Maryland   001-35713   45-2681082

(State or Other Jurisdiction

of Incorporation)

 

(Commission

File Number)

 

(IRS Employer

Identification No.)

2529 Virginia Beach Blvd., Suite 200

Virginia Beach, VA 23452

Registrant’s telephone number, including area code: (757) 627-9088

 

 

Check the appropriate box below if the Form 8-K filing is intended to simultaneously satisfy the filing obligations of the registrant under any of the following provisions:

 

¨ Written communications pursuant to Rule 425 under the Securities Act (17 CFR 230.425)

 

¨ Soliciting material pursuant to Rule 14a-12 under the Exchange Act (17 CFR 240.14a-12)

 

¨ Pre-commencement communications pursuant to Rule 14d-2(b) under the Exchange Act (17 CFR 240.14d-2(b))

 

¨ Pre-commencement communications pursuant to Rule 13e-4(c) under the Exchange Act (17 CFR 240.13e-4(c))

 

 

 


ITEM 8.01 OTHER EVENTS.

On April 25, 2014, the Registrant issued a press release announcing the pricing of its public offering and sale of 720,000 shares of its Series B Convertible Preferred Stock, without par value per share (“Preferred Stock”) and Warrants (the “Warrants”) to purchase an aggregate of 864,000 shares of its common stock, $0.01 par value per share (the “Common Stock”), excluding the Preferred Stock and Warrants the underwriters may purchase to cover over-allotments. The Preferred Stock and the Warrants will be allocated in units with each unit consisting of five shares of Preferred Stock at a price of $25.00 per share and six Warrants that permit investors to purchase one share of Common Stock at an exercise price of $5.50 per share, subject to adjustment. The Preferred Stock will bear an interest rate of 9% per annum and will have a conversion price of $5.00 per share of common stock, subject to adjustment. The Preferred Stock will automatically convert into shares of the Company’s common stock if the 20-day volume weighted adjusted closing price of the Company’s common stock exceeds $7.25 per share on the Nasdaq Capital Market. The Warrants have five year terms. Gross proceeds from the offering are approximately $18,000,000. A copy of the press release is attached as Exhibit 99.1 to this current report on Form 8-K and is incorporated herein by reference.

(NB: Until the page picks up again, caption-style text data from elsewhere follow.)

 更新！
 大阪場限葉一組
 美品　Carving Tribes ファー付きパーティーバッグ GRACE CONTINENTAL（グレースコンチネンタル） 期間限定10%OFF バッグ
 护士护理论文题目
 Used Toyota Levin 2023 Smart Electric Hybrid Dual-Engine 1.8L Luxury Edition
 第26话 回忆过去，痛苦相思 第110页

ITEM 9.01 FINANCIAL STATEMENTS AND EXHIBITS.

 

(a) Financial statements of businesses acquired.

Not Applicable.

 

(b) Pro forma financial information.

Not Applicable.

 

(c) Shell company transactions.

Not Applicable.

 

(d) Exhibits.

 

99.1 Press release, dated April 25, 2014, regarding pricing of the Registrant’s public offering.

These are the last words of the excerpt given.